> **Records shown**:
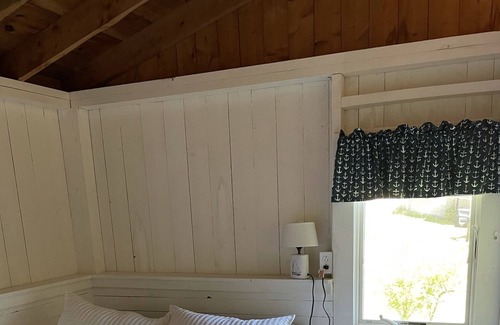 Bayville Cabin | Cozy cabin within walking distance to public float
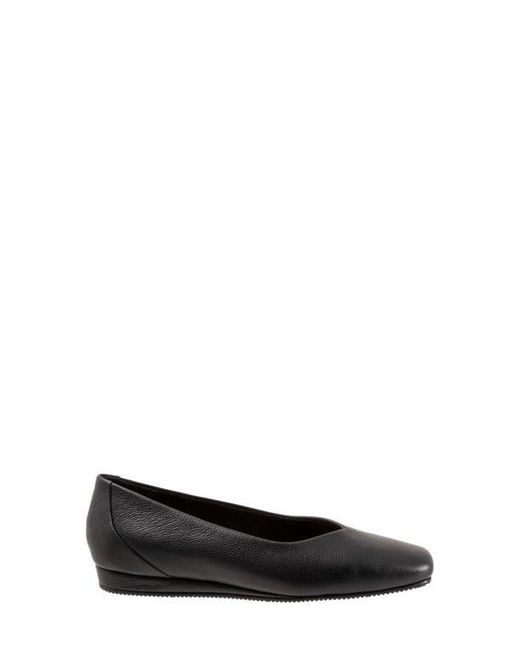 Softwalk® Black Vellore Flat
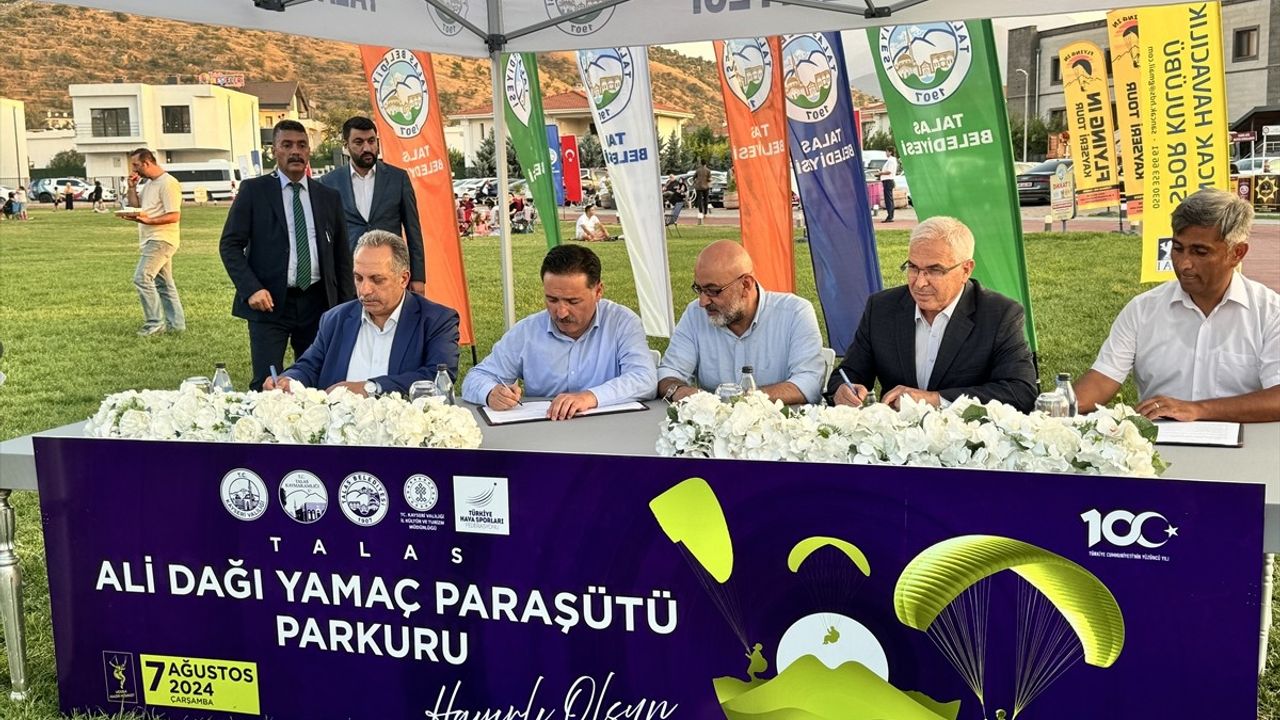 Talas'ta Yeni Yamaç Paraşütü Parkuru Tanıtıldı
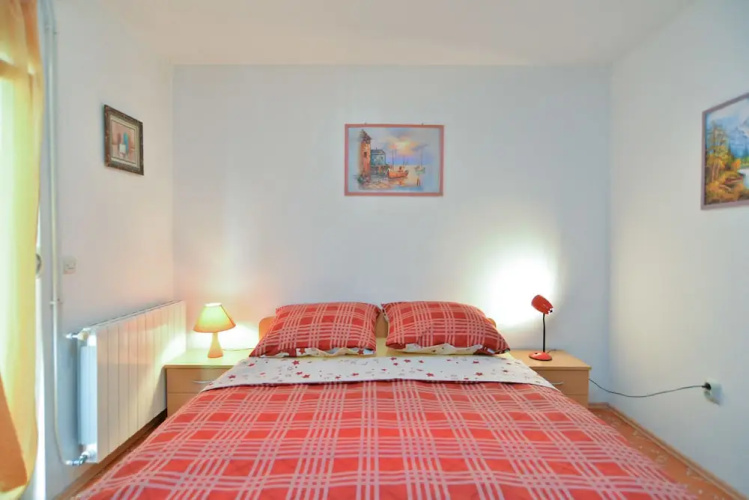 Apartment 436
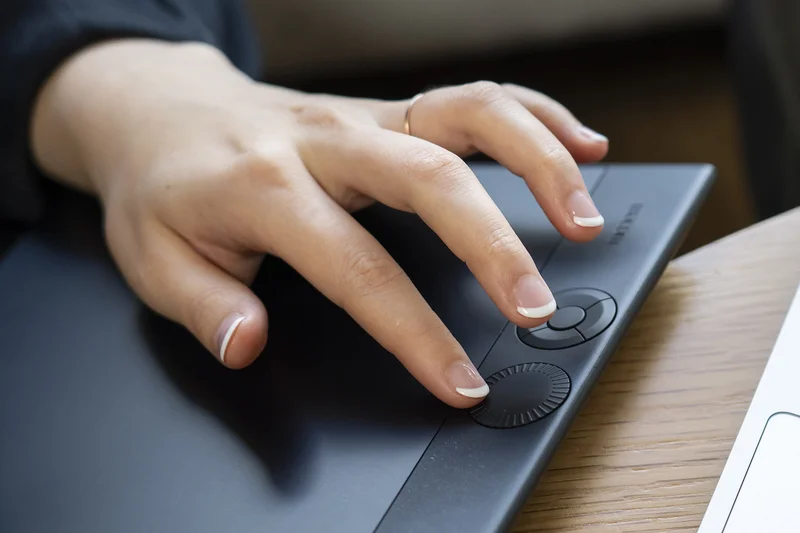 Wacom Intuos Pro (2025) – The Ultimate Creative Pen Tablet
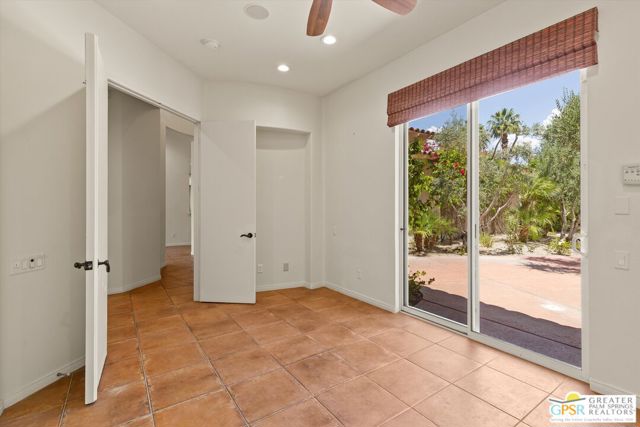 1347 Culver Place, Palm Springs CA: https://media.crmls.org/mediaz/279f18e1-7b1f-4057-b1fb-10898be09dfb.jpg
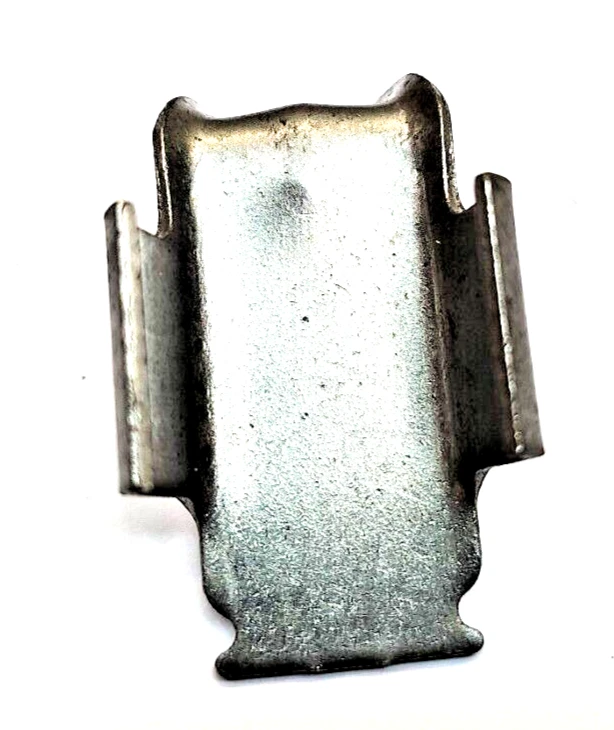 CAMOPLAST TRACK CLIP - Ski Doo Slide Ski Doo # AFT500003110 1974 - 1992 Foto 3 de 4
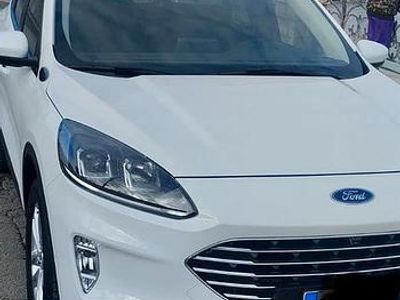Usata Ford Kuga 120 CV (88 kW) 2022 Bianco SUV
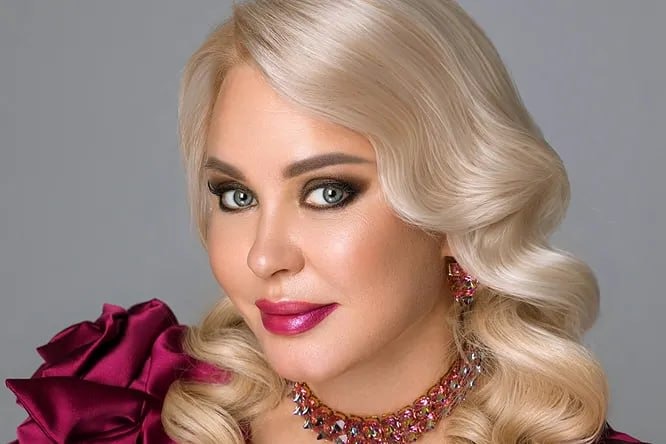 Жительница Нижегородской области, 46-летняя Елена Секретарева, стала финалисткой конкурса «Миссис мира»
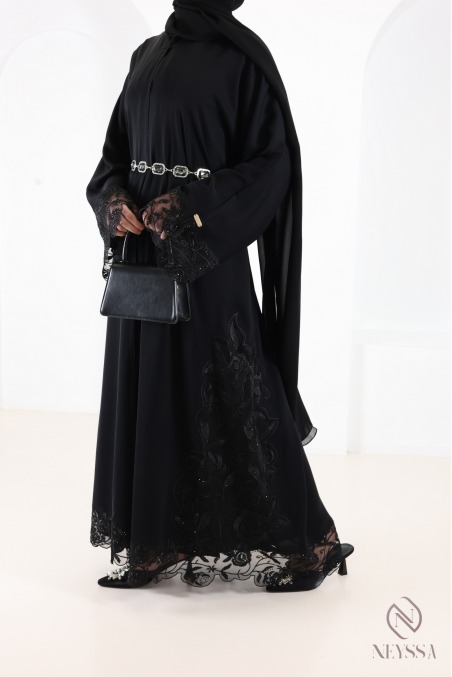 Abaya Dubaï kimono de luxe avec broderie tendance chic noir femme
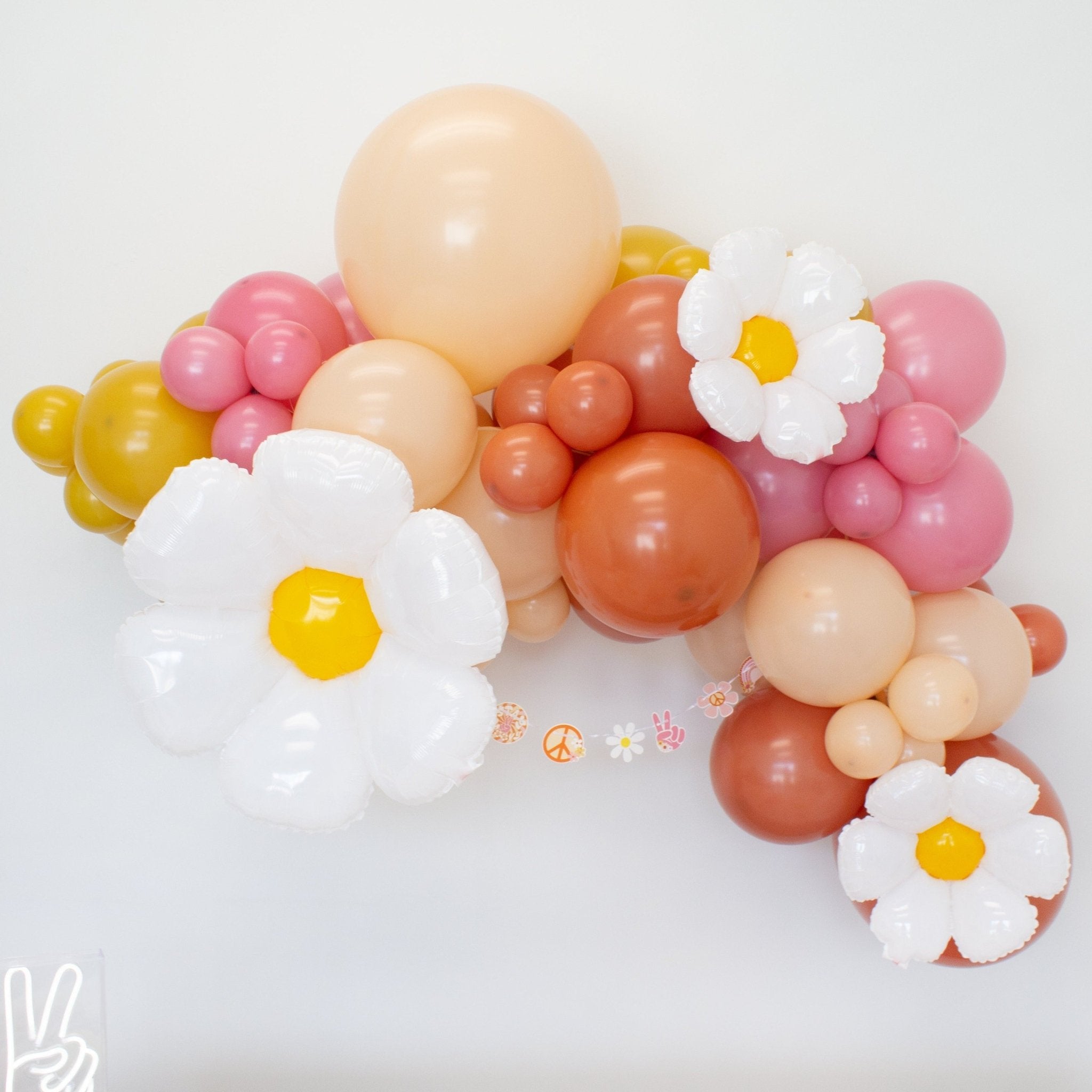 Small Daisy Flower Foil Balloon (18 Inches) - Ellie's Party Supply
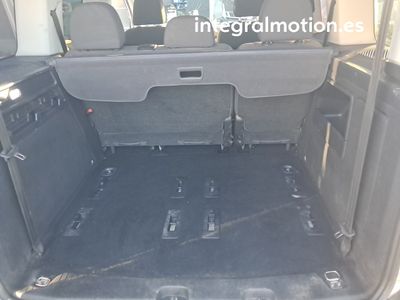volkswagen-caddy-2-0-tdi-combi-102cv-22 Thumbnail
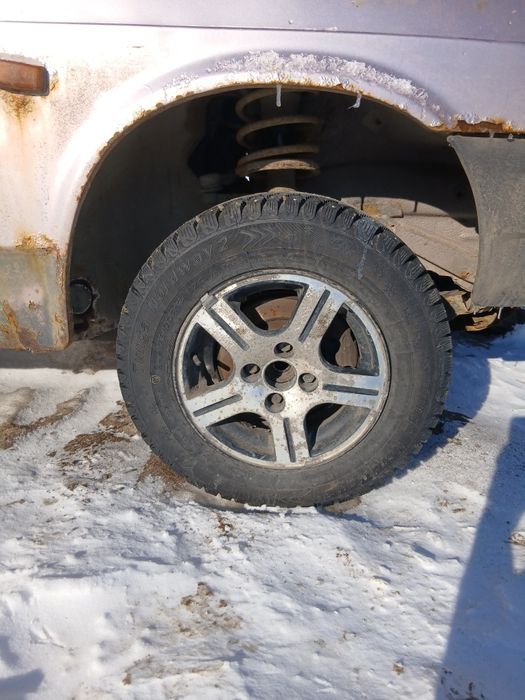 Продам зимнюю резину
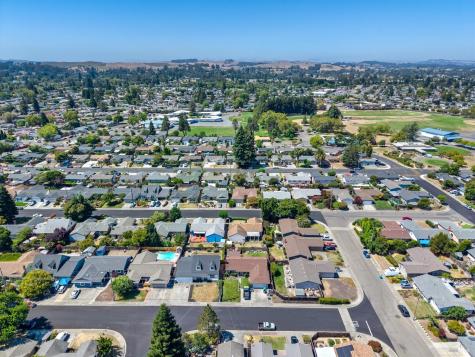 7555 Beverly Drive Rohnert Park CA 94928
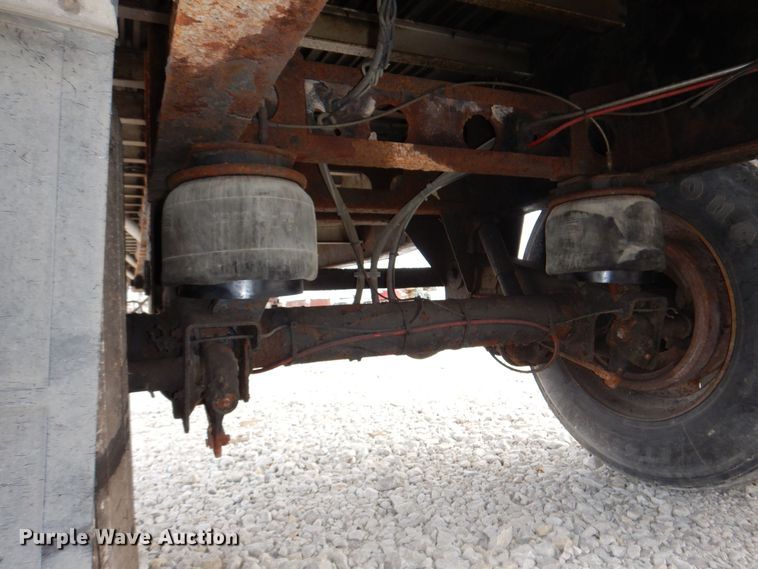 image for item DK2044 2006 Wilson Roadbrute CF-900  flatbed trailer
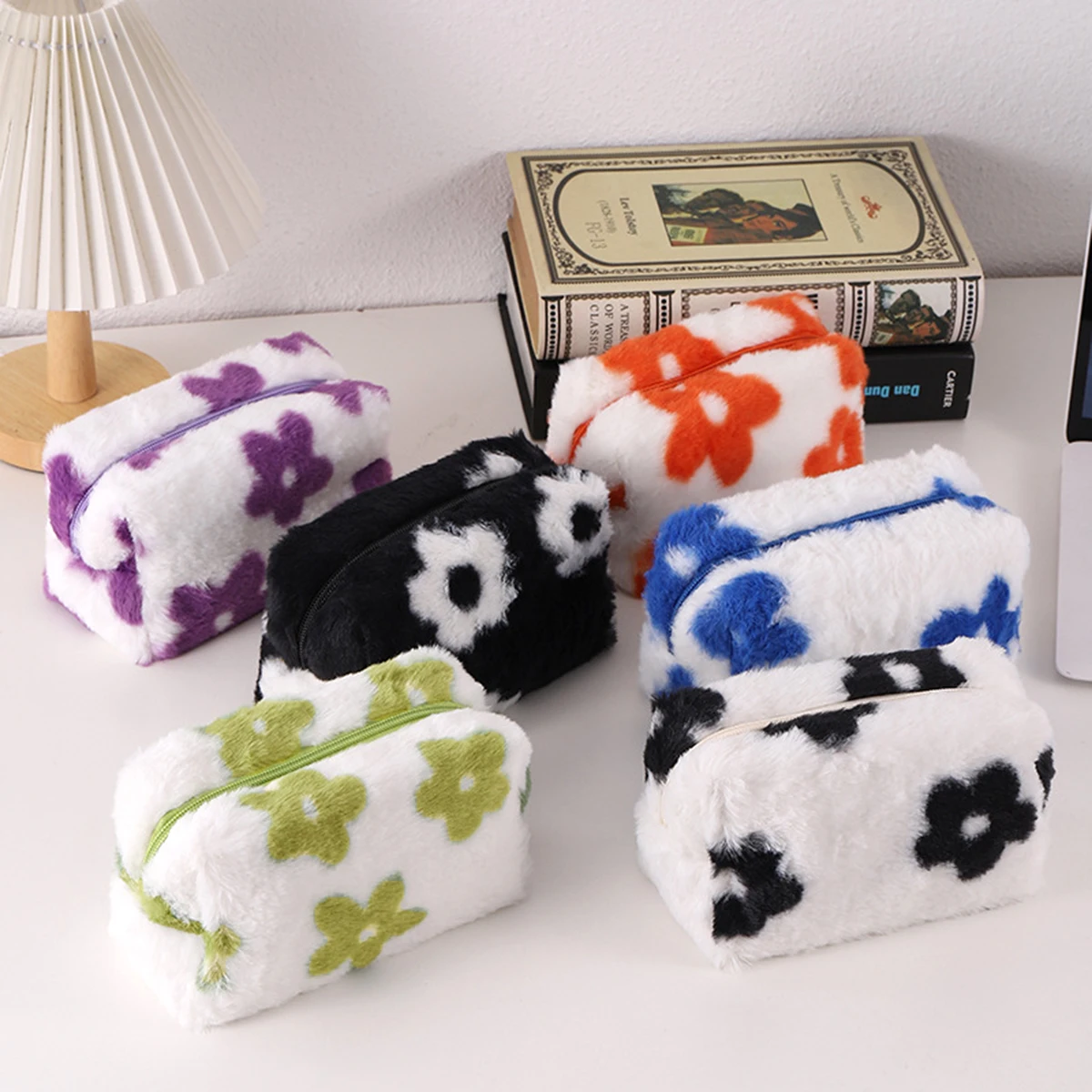 1PC Floral Pattern Plush Makeup Bag, Soft Material, Portable Daily Item Cosmetics and Makeup Brush Storage Bag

> **Task statement**:
Could you transcribe exactly the lines from the start of the records through the line containing "Usata Ford Kuga", both ends included, leaving the pictures out?

> **Exercise solution**:
 Bayville Cabin | Cozy cabin within walking distance to public float
 Softwalk® Black Vellore Flat
 Talas'ta Yeni Yamaç Paraşütü Parkuru Tanıtıldı
 Apartment 436
 Wacom Intuos Pro (2025) – The Ultimate Creative Pen Tablet
 1347 Culver Place, Palm Springs CA: https://media.crmls.org/mediaz/279f18e1-7b1f-4057-b1fb-10898be09dfb.jpg
 CAMOPLAST TRACK CLIP - Ski Doo Slide Ski Doo # AFT500003110 1974 - 1992 Foto 3 de 4
Usata Ford Kuga 120 CV (88 kW) 2022 Bianco SUV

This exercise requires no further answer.